Australia’s Catholic Church has threatened to fire employees who marry their same-sex partners in the even same-sex marriage is legalised. Senior Catholics, Archbishops Denis Hart and Timothy Costelloe, warned against the 180,000 employees nation-wide from “undermining their… values”, saying that staff must “totally” respect the Church’s teachings. The Church continues to hold exemptions to the 1984 Sex Discrimination Act, permitting it to hire employees based on their sexual orientation and marital status among other things. Their comments were particularly directed at teaching staff. However, Suzanne Greenwood, the Chief Executive Officer of Catholic Health Australia, has admitted that the outcome would be different for health services staff such as nurses, as she sees “absolutely no reason why that would change”. Although not expressly agreeing with its Catholic counterpart, the Anglican Church has reiterated the importance of religious freedom. Anglican Bishop Stead commented that, “the fact that promised safeguards for freedom of religion have quickly unravelled overseas should serve as a warning to Australians”.

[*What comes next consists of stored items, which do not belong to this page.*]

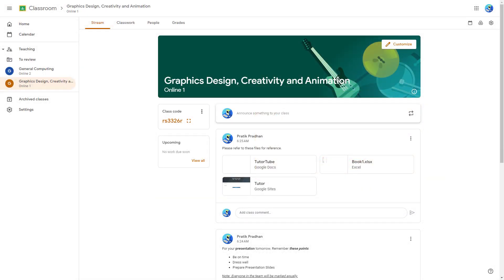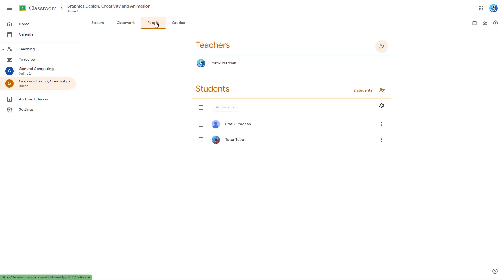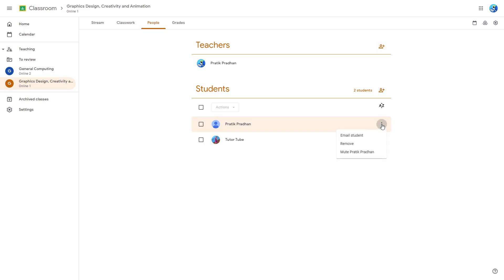If you want to get in touch with students, you can directly email them. To get their email addresses, you need to go to People, and here you can see the students. If you want to mail individual students, simply click on 'Email Student' right here.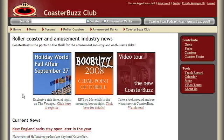Hi, it's Jeff from CoasterBuzz with a tour of our roller coaster and amusement park databases. You're looking at the club member view of the site, which doesn't include the advertisements, so there's a little more white space on the screen than you might be normally accustomed to. The club is just $20 a year. All you have to do is click the club links up at the navigation to join. You can join by credit card instantly on our secure page or send in a mail-in form. Either way, we certainly appreciate that support.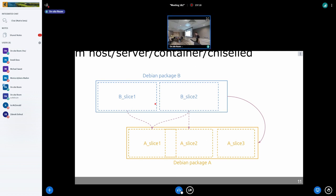So basically we are slicing the Debian packages into smaller sub-packages. Yes, that's as simple as that.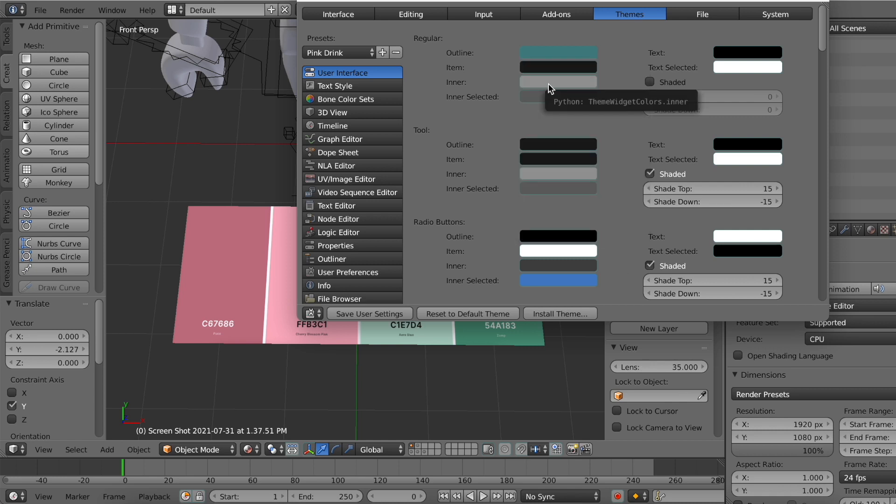And now just repeat the process for everything else. I'm going to speed this up super fast because this does take a really long time to do. So yeah, have fun customizing your blender theme. And I will be here when I am done to show off the final project.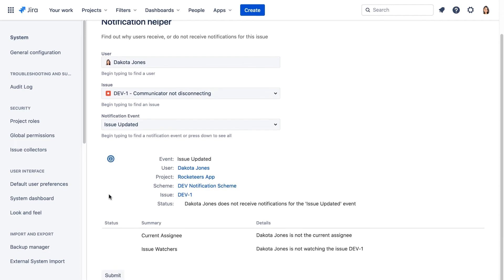Let's scroll down. We can see that Dakota will not get a notification when dev1 is updated because she's the reporter and we removed the reporter from getting notifications when an issue is updated in the notification scheme that's associated with the project.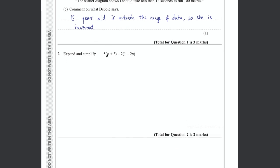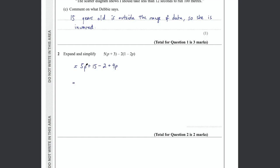Question 2 says expand and simplify 5(p + 3) − 2(1 − 2p). Expanding the first bracket gives 5p + 15. Then −2 times 1 is −2, and −2 times −2p is +4p. Collecting like terms: 5p + 4p = 9p, and 15 − 2 = 13. So the final answer is 9p + 13, for 2 marks.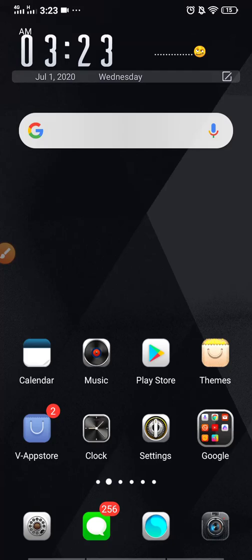Hello everyone, today you are going to learn about the Groove Pad application. This is basically an Android application which we can use to make different kinds of beats, so you can make a beat by your own choice.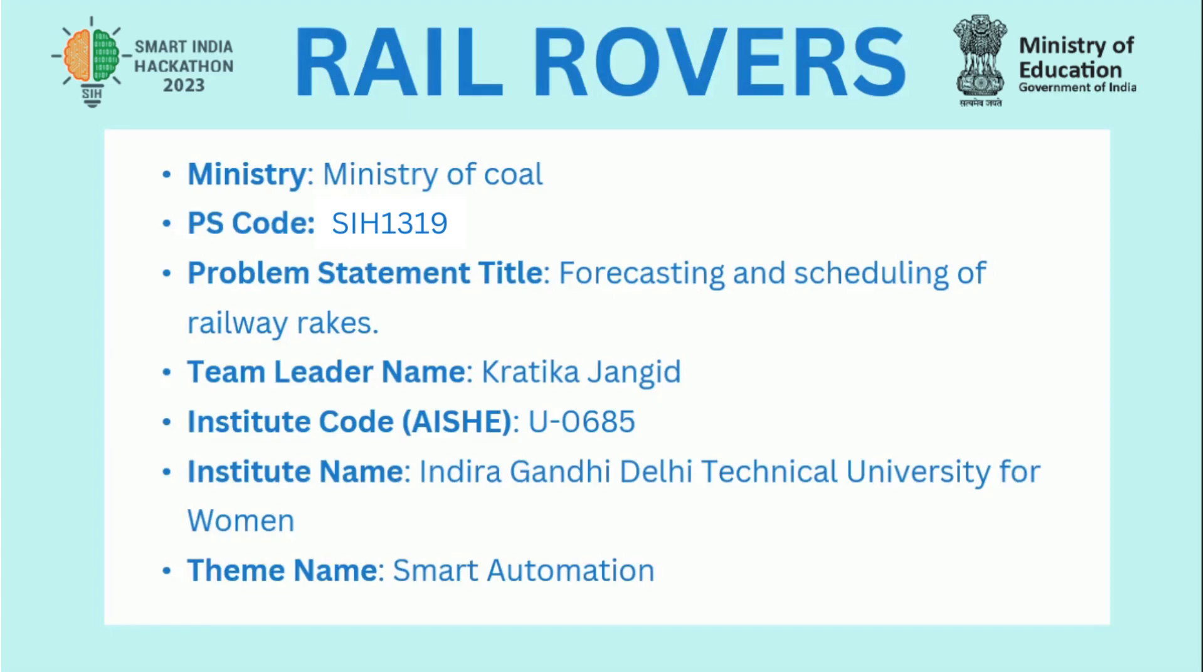Hi all, this is Team Railrovers. We are working on problem statement 1319 provided by the Coal Ministry as part of the Smart India Hackathon.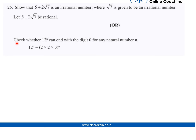The given question is: check whether 12 to the power n can end with the digit zero for any natural number n. We know that on prime factorizing 12, we get 2 into 2 into 3.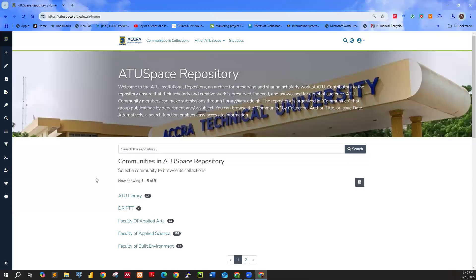Hello and welcome to another section of the ATLIB tutorial series. This tutorial is going to be a short one and is going to focus on how a reviewer or a supervisor can either approve or reject a student submitted work.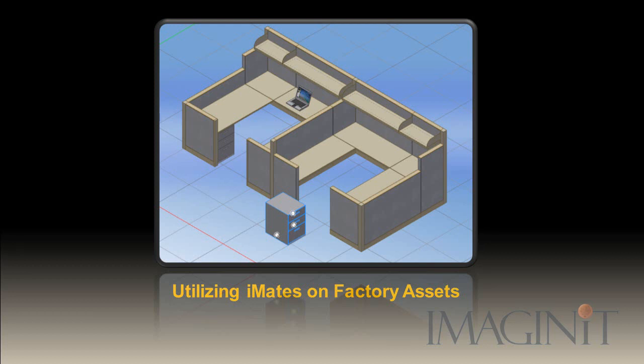Welcome to this tech tip on utilizing iMates with factory assets. My name is Rusty Belcher, and I'll be working through this tech tip with you today.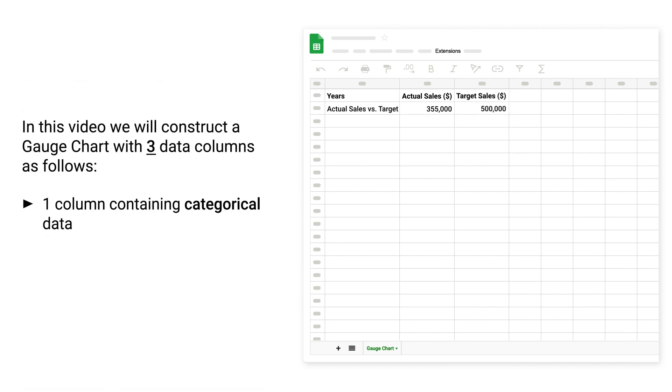In this video, we will construct a gauge chart with three data columns as follows: one column containing categorical data, two columns containing numerical data.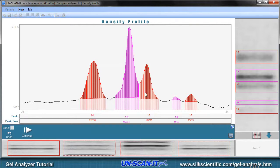Click the continue button to continue to the next lane density profile and follow the same procedure to define the peaks and baselines for that lane.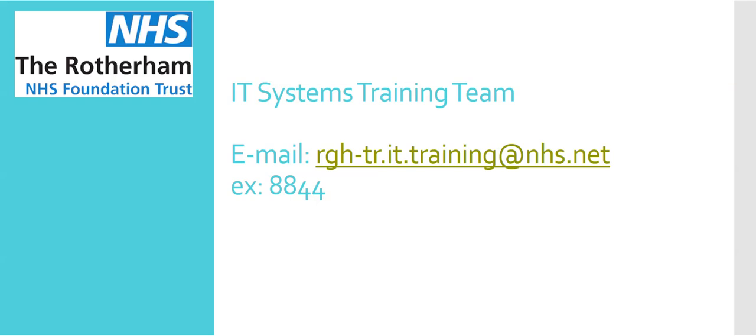And that's it. If you need any further guidance, please contact a member of the IT systems training team. Details on screen now. Thank you.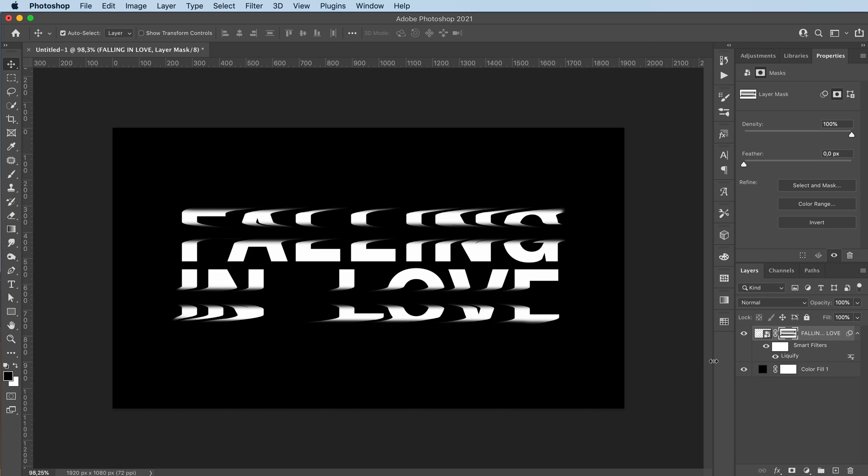How cool is this? It looks like the background is eating the text. Such a cool tutorial.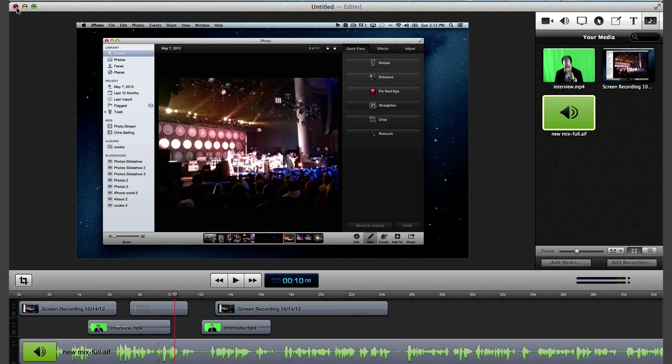Until now, sharing media among post-production applications required you to render and export your media from one application before importing it into another. And if you wanted to change the original media, you re-rendered and exported it again, wasting time and disk space.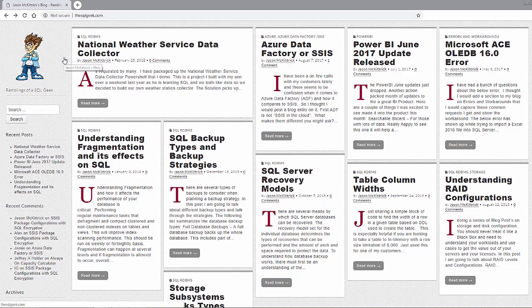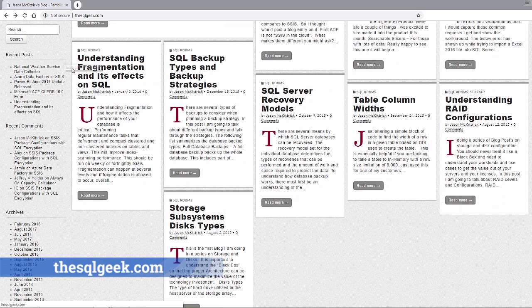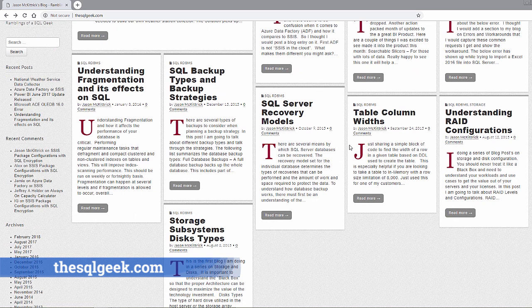Jason also authors a pretty cool blog called SQLGeek.com, where he publishes content around BI architecture and BI cloud. He's pretty active on Twitter too — you can follow him with the same handle, the SQLGeek. Both links are in the description of this video. So Jason, let's begin.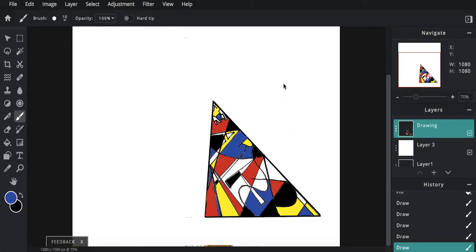Alright, so when you're done with your section, you're now going to make sure your layer that says Drawing is highlighted.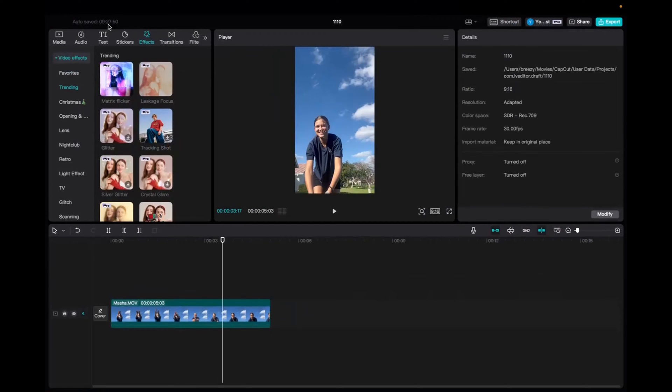Welcome back to 8482 Media. Today I'm going to quickly show you guys how to add the glitter effect onto your CapCut clips.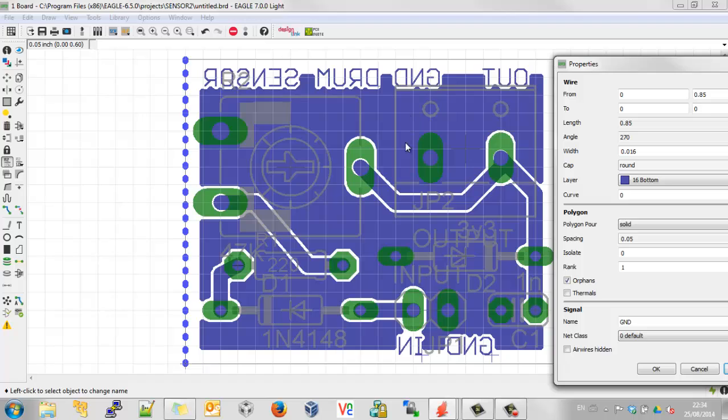That kind of looks good, and perhaps for some RF designs it might be, but it will be a devil to solder because the heat will suck away from your iron. So we're going to leave thermals on.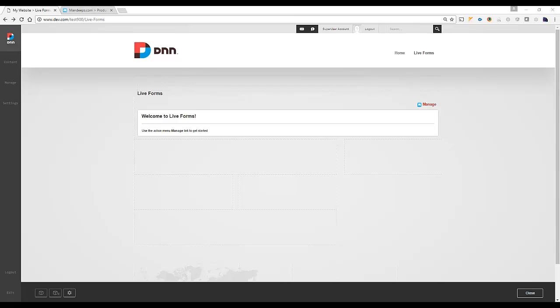Hi, I'm Mandeep Singh, founder of Mandeeps.com, and in this video we'll be working with our Cybersource extension for our Lifeforms module. So let's get started.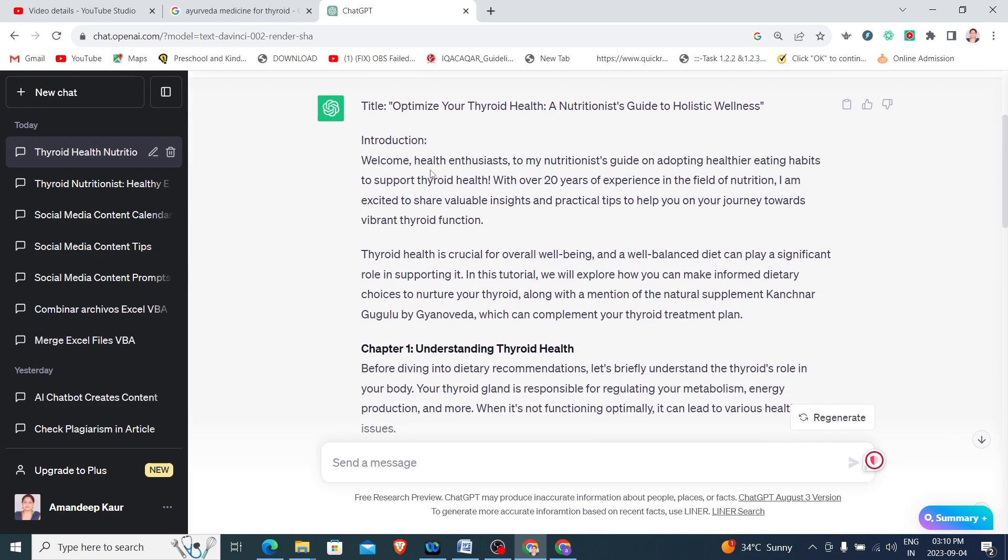It has given the title as Optimize Your Thyroid Health: A Nutritionist's Guide to Holistic Wellness. If you like the title you can keep it, otherwise you can change as per your requirement. It has added the welcome note.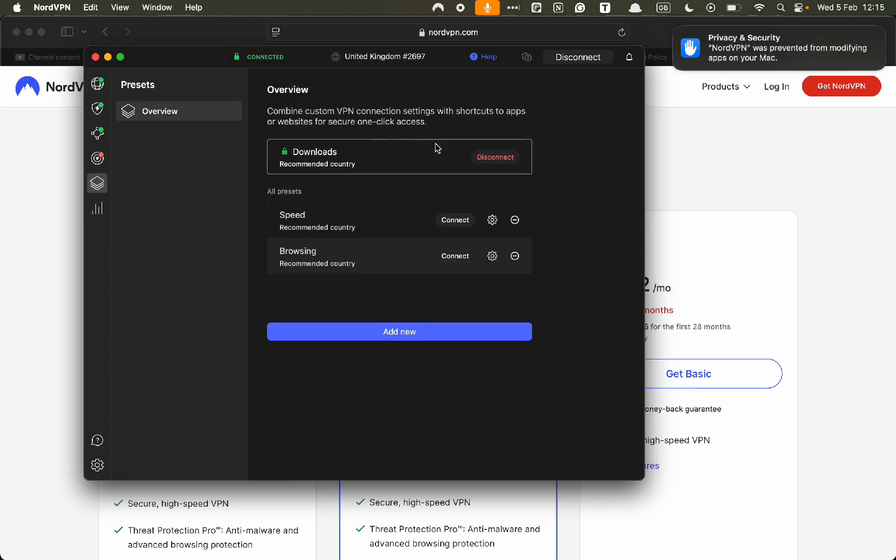In this section, we have the presets. What this does is this will allow different configurations with shortcuts to apps or websites for secure one-click access. You will set this up if there's a specific country on Netflix that you always stream from.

A new survey has found that more than one third of emergency doctors are confronted with workplace bullying and harassment. The Australian College for Emergency Medicine surveyed more than 2100 physicians regarding their experiences. The results indicated numerous examples of humiliation, verbal abuse, personal attacks and instances of sexual harassment. There was a higher occurrence of bullying and harassment among trainee doctors, especially from non-English speaking backgrounds. One emergency doctor noted, “I was yelled at in front of patients and colleagues and then taken to an empty corridor and yelled at some more”. Professor Tony Lawler, the College President, claimed to be “sickened” at the results. He said that the College was “campaigning on a platform of zero violence in emergency departments”. An action plan developed through member consultation is to be published in November of 2017.
A considerable Victorian government fund for start-up companies has withdrawn its partnership from 500 Startups over allegations of harassment. LaunchVic, a $60 million fund, had spent months establishing ties with the global accelerator when claims of sexual harassment were made against its Silicon Valley CEO, Dave McLure. This comes in the wake of several prominent cases of sexual harassment in the technology industry. Chief among these was the resignation of Uber co-founder, Travis Kalanick. In the Australia’s Digital Pulse 2017 report, it was found that women comprise only 28% of ICT workers, lagging behind the 41% of professional and scientific jobs.